New laser vibration sensing tech promises to expedite landmine detection
Marie Donlon | November 18, 2024Researchers from the University of Mississippi are hoping to expedite the discovery of buried landmines with their new mobile laser vibration sensing technology.

While current landmine detection technologies rely mostly on handheld metal detectors, a technique that is typically dangerous and time-consuming; these metal detectors and ground-penetrating radar are not always effective at locating plastic landmines, which are what many of the modern-day landmines are composed of.
Building upon laser vibration sensor technology that was developed back in 2019 and that successfully located buried objects at a safe distance from a moving vehicle using 30 laser beams formed in a line, the team developed its laser multi-beam differential interferometric sensor (LAMBDIS). This technology can reportedly create a vibration map of the ground in under a second. It uses a 34 x 23 matrix array of beams, which roughly creates the shape of a rectangle.

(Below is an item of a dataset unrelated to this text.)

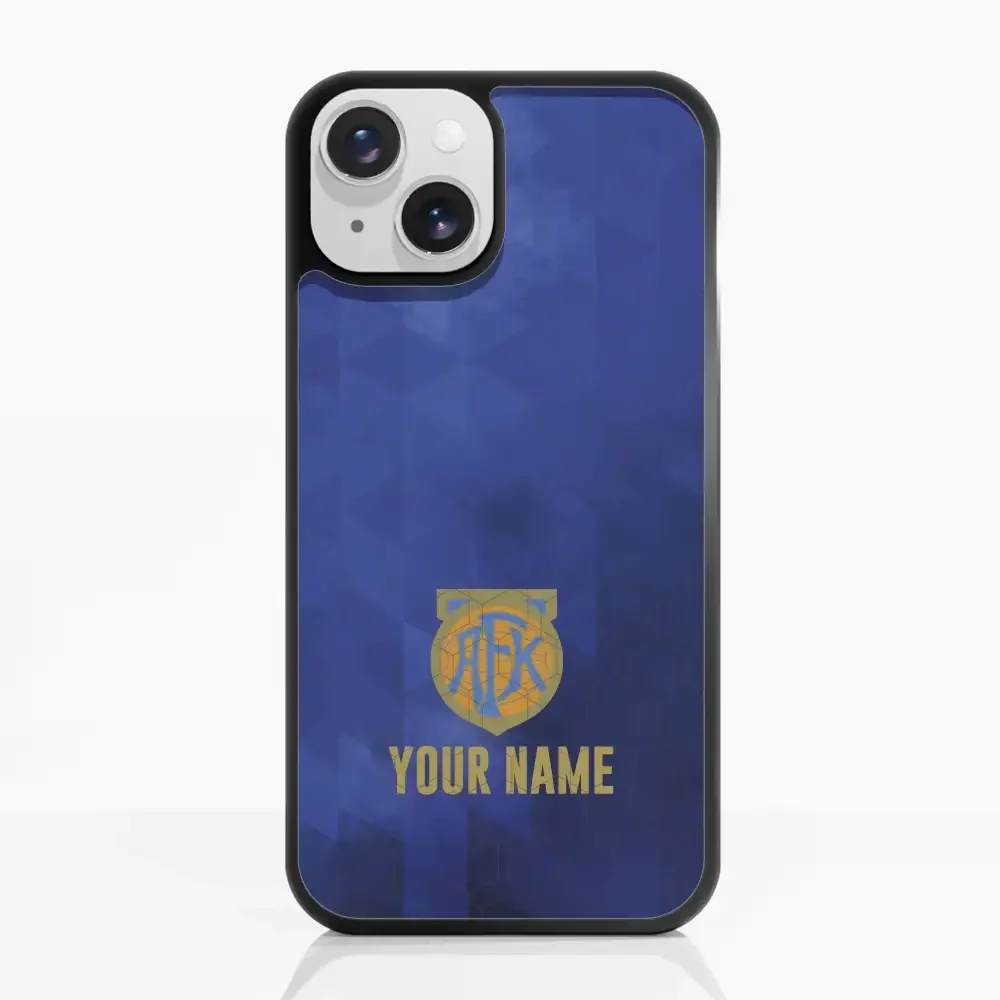 Åalesund FK Official 3D Phone Case Design 21 + Name - Image 12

This laser-acoustic detection relies on a combination of laser and acoustic sensing, which enables it to detect landmines from a safe distance and with greater accuracy.
To test the technology, the team created ground vibration then cast a two-dimensional array of laser beams at the ground. The team explained that ground vibration induced small variations to the frequency of reflected laser light, which thus created a vibration image of the area. Meanwhile, a buried landmine vibrates differently than the soil surrounding it and will thus appear as a red blob in the vibration image.
“The working principle is based on inference of light. We send beams to the ground and the interference of light scattered back from different points on the ground produces signals which processing reveals vibration magnitude at each point of the ground surface.”
In addition to landmine detection, the LAMBDIS technology can be modified for other use cases, such as assessment of bridges and other engineering structures, vibration testing and non-destructive inspection of materials in automotive and aerospace industry, and in biomedical applications, among others.